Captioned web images
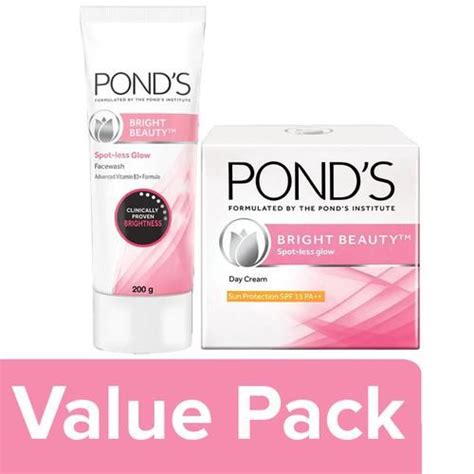 Buy Ponds Bright Beauty Spotless Glow Cream Spotless Fairness Germ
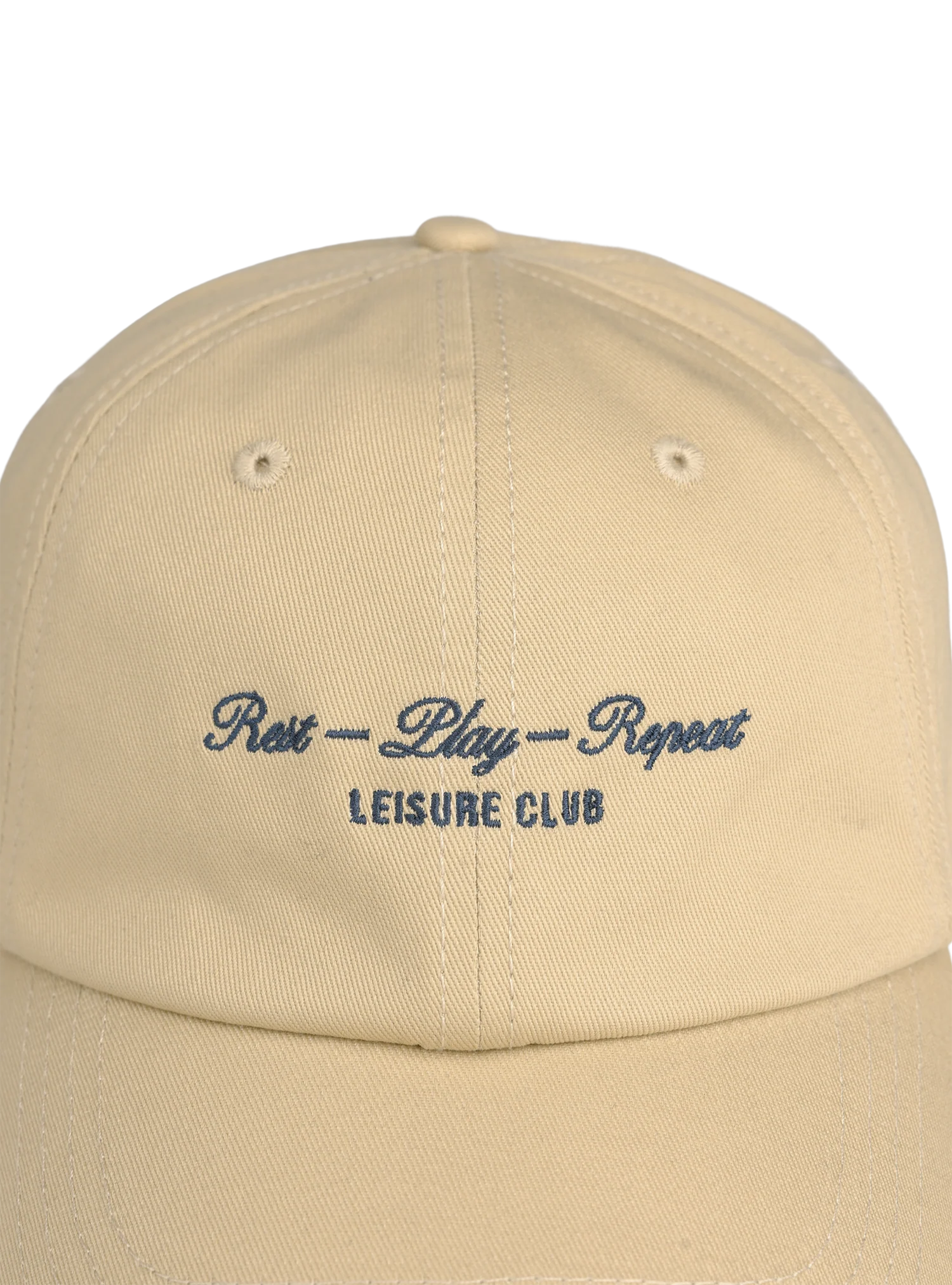 Classic Cap (Rest Play Repeat)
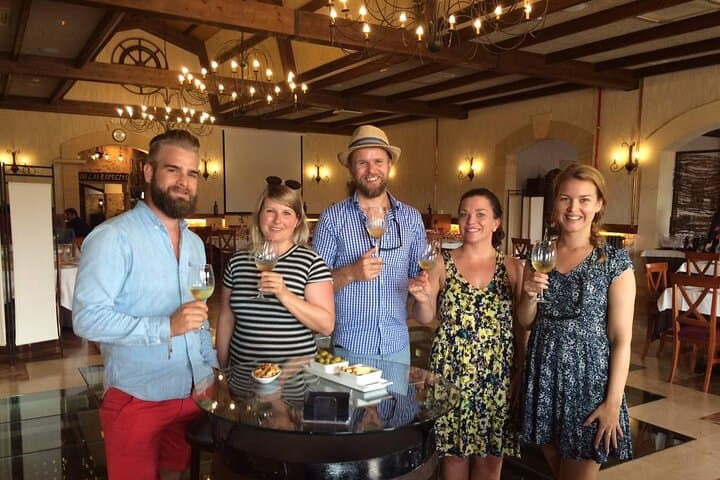 Alicante: Old Winery with Tastings & Arab Castle (XII cent)
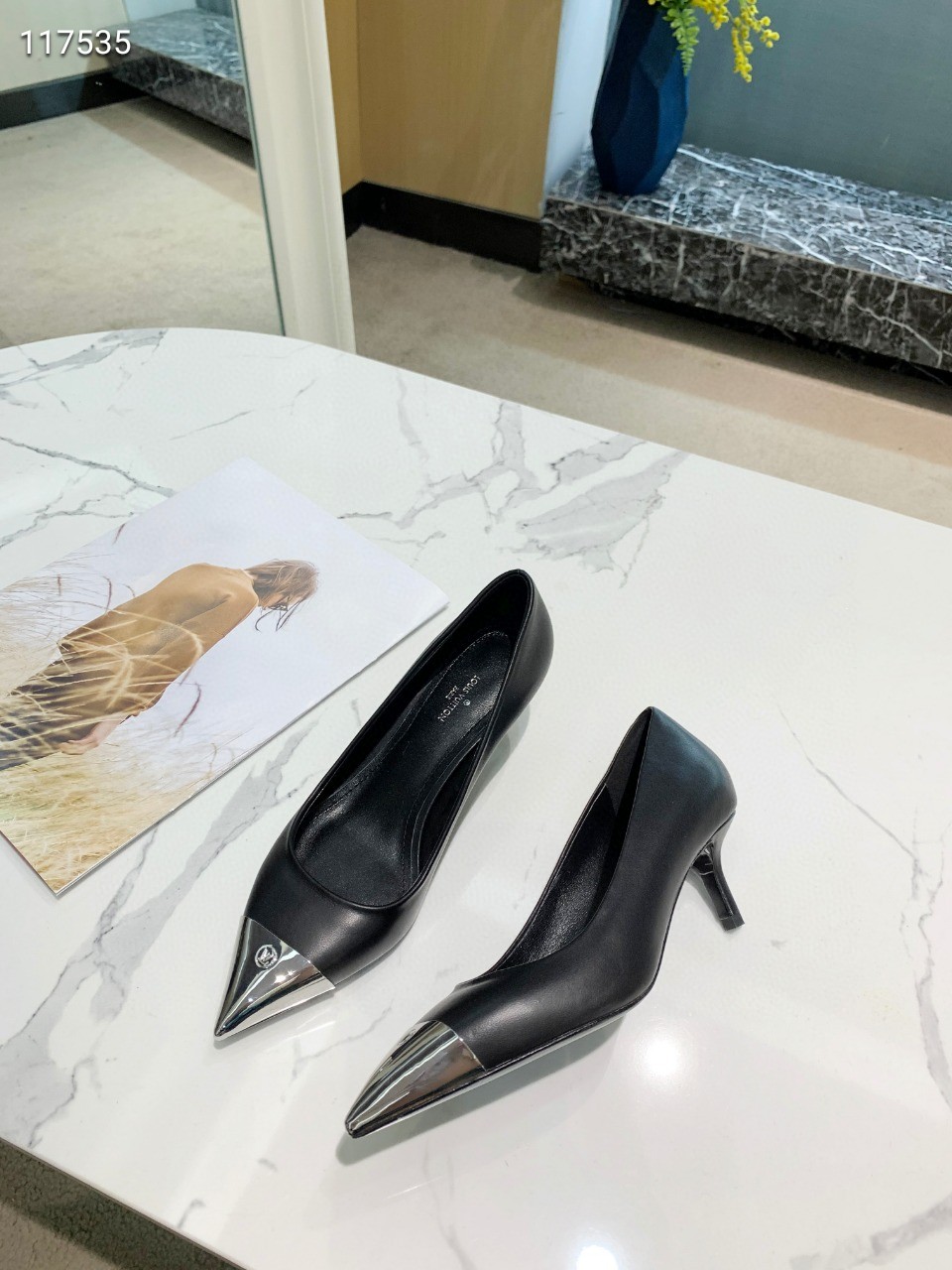 Louis Vuitton Shoes LV1135DS-1 Heel height 5CM Louis Vuitton Shoes LV1135DS-1 Heel height 5CM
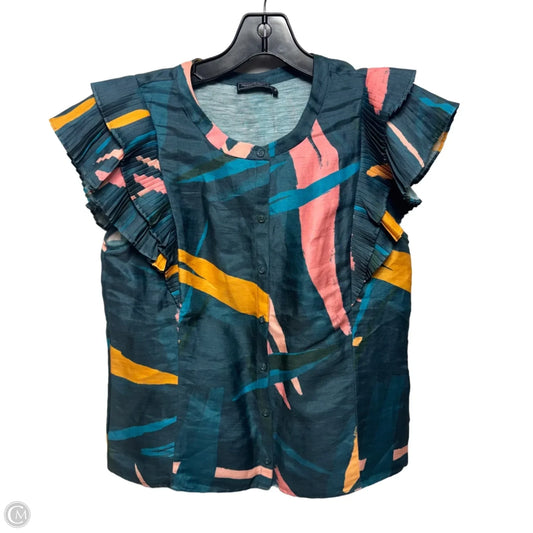 Top Sleeveless By Vineyard Vines In Multi-colored, Size: S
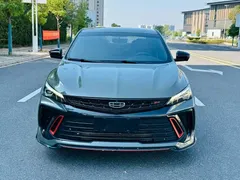 2022 Geely Binrui COOL 1.5T DCT, зелёный — фото 3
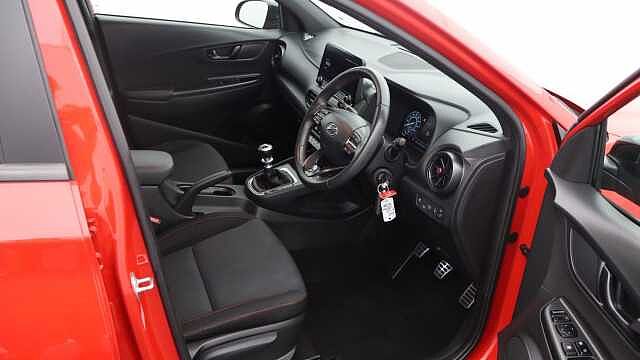 Hyundai KONA 1.0 T-GDi MHEV N Line SUV 5dr Petrol Hybrid Manual Euro 6 (s/s) (120 ps)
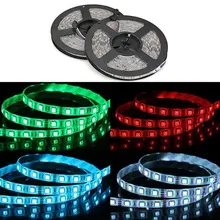 JFBL 2X2x5 м 600 5050 SMD светодиодный водонепроницаемый фонарь полоса полосы RGB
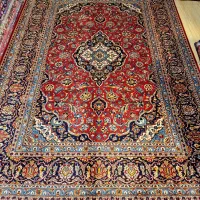 قالی ۹متری کاشان لاکی
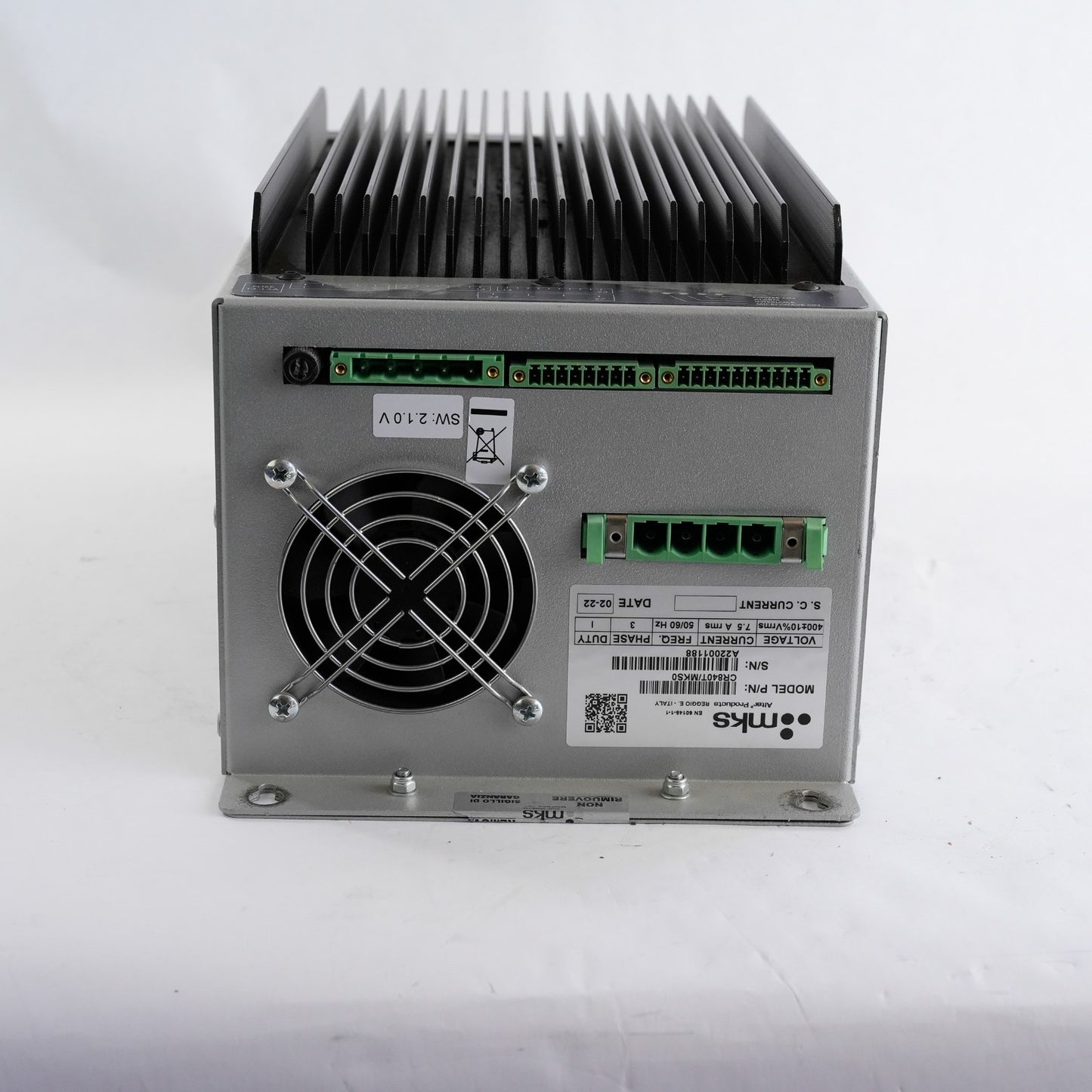 MKS CR840T/MKS0 Controllable Output Generator CR 840 3-Phase Power Supply CR840T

**Work order:**
This exercise calls for the records to be given again exactly, without the images.

**Result for this task:**
 Buy Ponds Bright Beauty Spotless Glow Cream Spotless Fairness Germ
 Classic Cap (Rest Play Repeat)
 Alicante: Old Winery with Tastings & Arab Castle (XII cent)
 Louis Vuitton Shoes LV1135DS-1 Heel height 5CM Louis Vuitton Shoes LV1135DS-1 Heel height 5CM
 Top Sleeveless By Vineyard Vines In Multi-colored, Size: S
 2022 Geely Binrui COOL 1.5T DCT, зелёный — фото 3
 Hyundai KONA 1.0 T-GDi MHEV N Line SUV 5dr Petrol Hybrid Manual Euro 6 (s/s) (120 ps)
 JFBL 2X2x5 м 600 5050 SMD светодиодный водонепроницаемый фонарь полоса полосы RGB
 قالی ۹متری کاشان لاکی
 MKS CR840T/MKS0 Controllable Output Generator CR 840 3-Phase Power Supply CR840T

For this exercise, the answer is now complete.